The international Race Relations Day saw more than 200 students from abroad welcomed at a special ceremony in Napier on Wednesday.

The function at the MTG Century Theatre was jointly hosted by the Napier City Council, Hastings District Council Learning Hawke's Bay.

There were a range of cultural performances including an Indian, Hawaiian and Thai dance as well as a Haka by international students from Lindisfarne.

Learning Hawke's Bay Regional Manager, Wenhua Yang said according to the economic impact research commissioned by Education New Zealand, each student in Hawke's Bay contributes more than $27,000 a year on average to the local economy and they generate in total about $20 million in economic benefits to the region, supporting more than 200 jobs.

Advertisement

Based on the 2016 enrolment data, around 1500 international students from overseas have chosen to study at the Eastern Institute of Technology, schools and private tertiary establishments in Hawke's Bay. These students largely come from China, India, other Asian nations, Europe and South America.

"There is potential to grow this sector even further," Wenhua Yang, Regional Manager, Learning Hawke's Bay said.

She believes Hawke's Bay provides not only high quality education, but also a world-renowned pristine environment, beautiful landscape, exciting outdoor activities including mountain hiking, surfing, sailing, golf, and equestrian, and abundant fresh GM-free local produce.
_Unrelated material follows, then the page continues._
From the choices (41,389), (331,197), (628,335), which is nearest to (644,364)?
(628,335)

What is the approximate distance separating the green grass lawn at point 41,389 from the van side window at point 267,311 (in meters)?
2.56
Hastings Mayor Sandra Hazlehurst said international education in Hawke's Bay not only allows young people to immerse themselves in our local culture, but also provides our community with opportunities to experience different cultures and develop international connections.

"International students with positive experiences in Hawke's Bay will become lifelong ambassadors for the region and for New Zealand. We welcome more and more international students to come to Hawke's Bay to enjoy our world-class education and beautiful natural environment."

Similarly, Napier Mayor Bill Dalton said both councils will continue to work with Learning Hawke's Bay to ensure that international students have a positive experience here.

"It is absolutely heartwarming to see all these lovely young kids who are really enjoying themselves and they are from such a variety of countries but they all seem to be really good friends.

"These people take the message back to their own communities and their own countries about what a fantastic place Hawke's Bay is and so often it results in tourism ventures where people come to visit Hawke's Bay, but also in the long-term it is going to result in business."

Miao Miao Tian, originally from China has recently completed her Postgraduate Diploma in Business Management at EIT and plans to stay in the region.

"At the beginning I didn't know what Hawke's Bay looked like. I just thought that it was far away from Auckland and the big cities and I wanted to have a wonderful learning atmosphere, so I chose the main campus of EIT."

The 26-year-old has been staying with a home-stay family and hopes to travel around the country, after landing a job.

Having previously completed a double degree in accounting and music at Beihua University, China and her latest diploma took one-and-a-half years.

Multicultural Association Hawke's Bay president Rizwaana Latiff said having the students in the region meant they would become ambassadors for Hawke's Bay later on.

"It exposes us in Hastings to different cultures and exposes them to different cultures because Hawke's Bay is a diverse place."

"It is good that all the agencies are getting together to welcome the students as it shows the students that they are welcome and I look forward to having them here," Ms Latiff said.